→ Exercise
Could you transcribe every record below exactly as written, excluding the pictures?

→ Materials provided
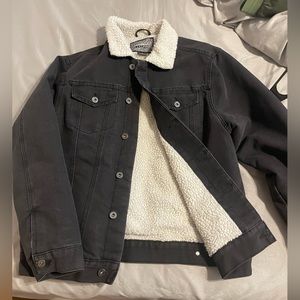 Men’s black jean jacket.  Only worn a few times, great condition.  Very warm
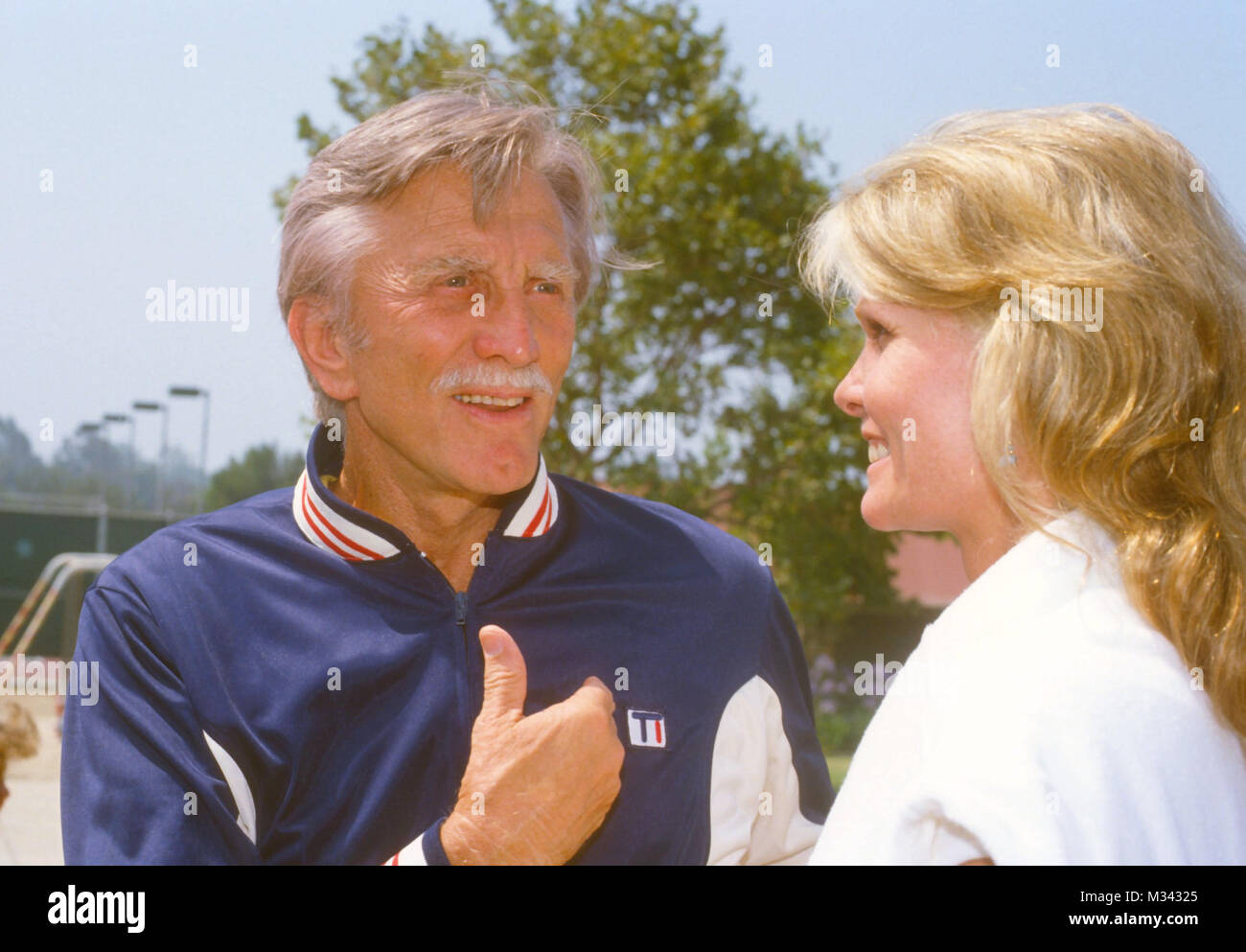 LOS ANGELES, CA - 17 juillet : (L-R) Kirk Douglas acteur et actrice Cathy Lee Crosby assister au tournoi de tennis des célébrités Riviera Country Club le 17 juillet 1982 à Los Angeles, Californie. Photo de Barry King/Alamy Stock Photo Banque D'Images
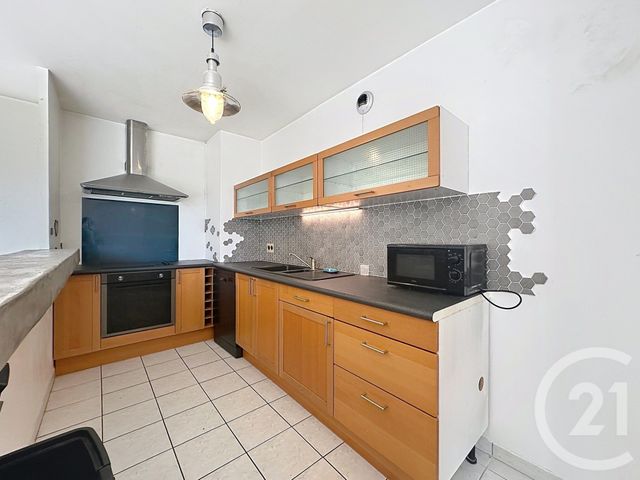 Appartement F3 &agrave; louer - 2 pi&egrave;ces - 65,75 m2 - Choisy Le Roi - 94 - ILE-DE-FRANCE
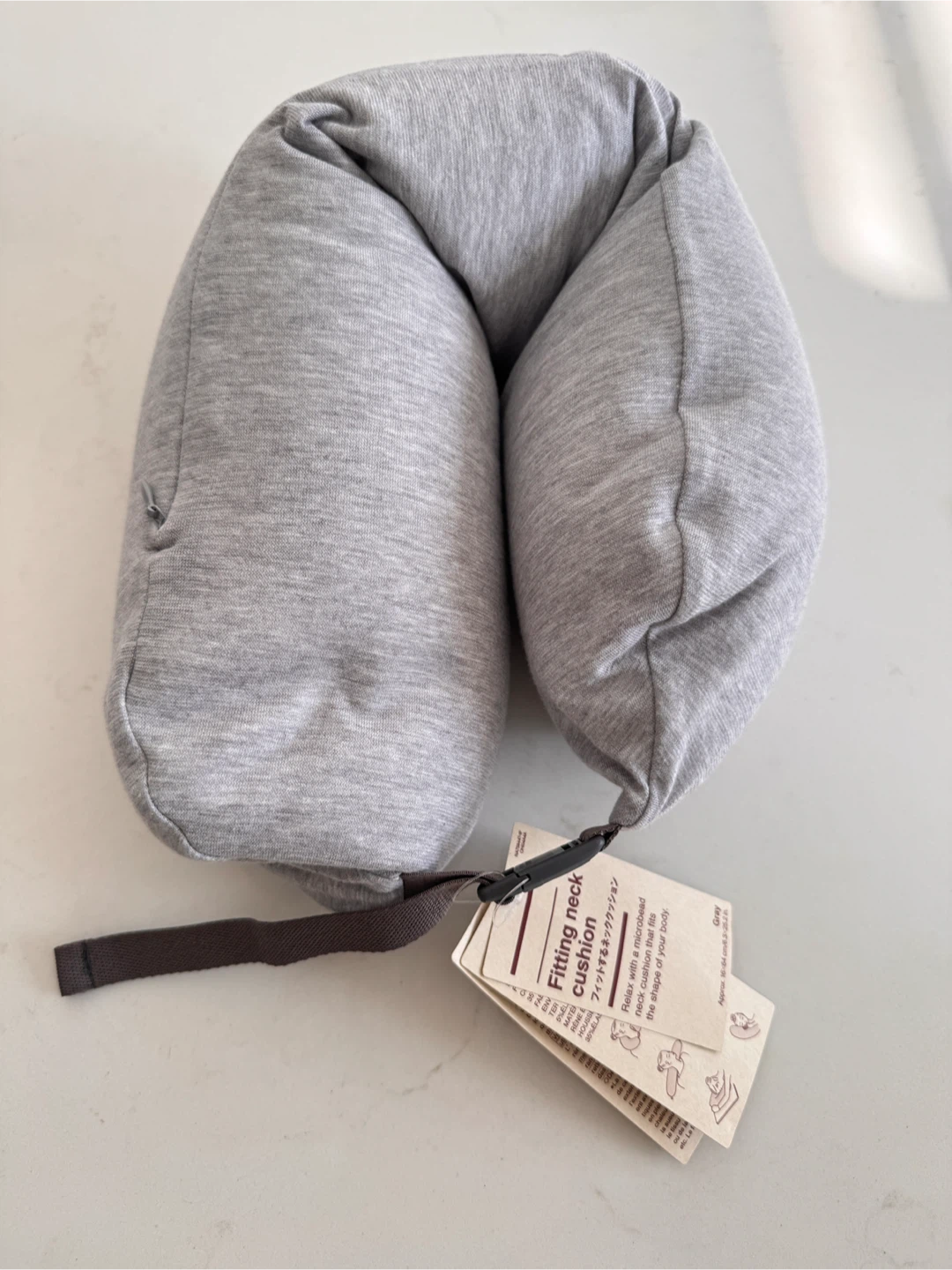MUJI Fitting Neck Cushion - Brand New - photo 3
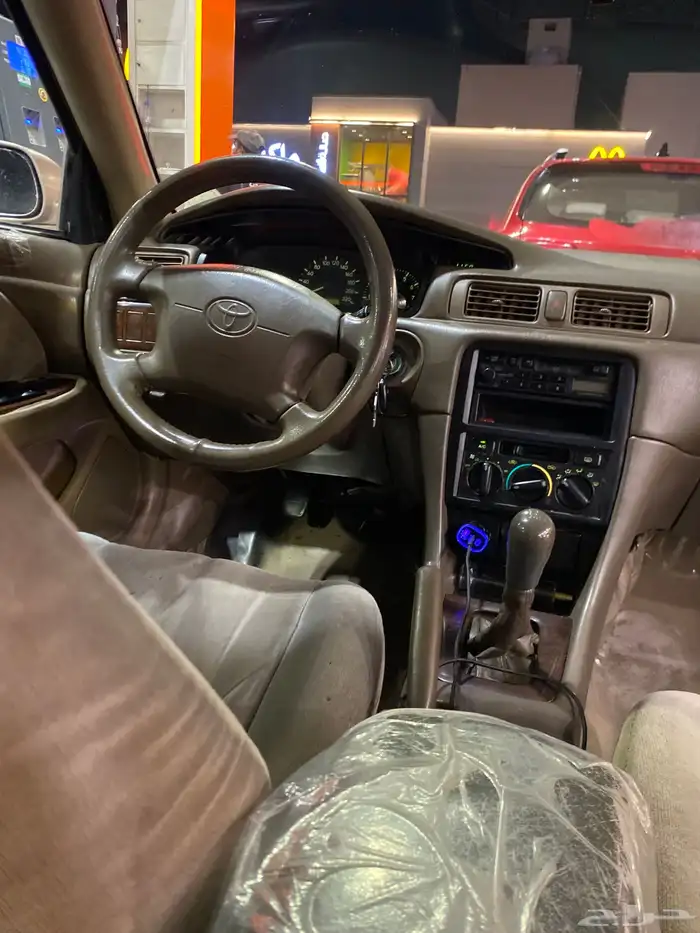 كامري 2001 للبيع 32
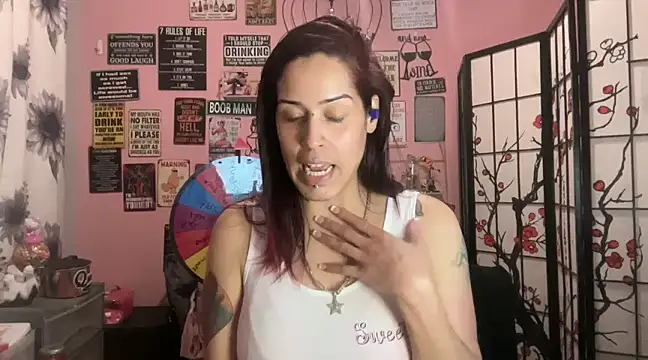 Snapshot of latinacubana chatting on 03.09.25 latinacubana online show from 03.09.25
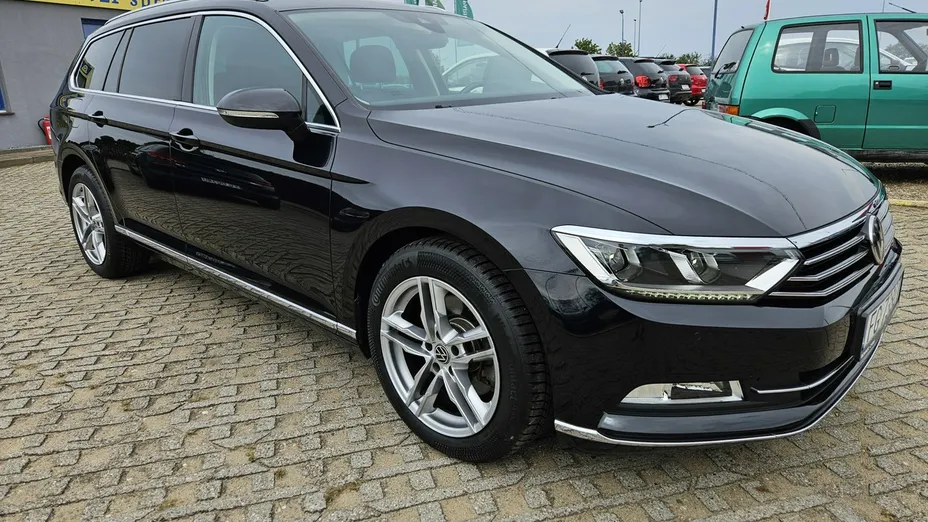 VOLKSWAGEN Passat -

→ Solution to the problem
 Men’s black jean jacket.  Only worn a few times, great condition.  Very warm
 LOS ANGELES, CA - 17 juillet : (L-R) Kirk Douglas acteur et actrice Cathy Lee Crosby assister au tournoi de tennis des célébrités Riviera Country Club le 17 juillet 1982 à Los Angeles, Californie. Photo de Barry King/Alamy Stock Photo Banque D'Images
 Appartement F3 &agrave; louer - 2 pi&egrave;ces - 65,75 m2 - Choisy Le Roi - 94 - ILE-DE-FRANCE
MUJI Fitting Neck Cushion - Brand New - photo 3
 كامري 2001 للبيع 32
 Snapshot of latinacubana chatting on 03.09.25 latinacubana online show from 03.09.25
 VOLKSWAGEN Passat -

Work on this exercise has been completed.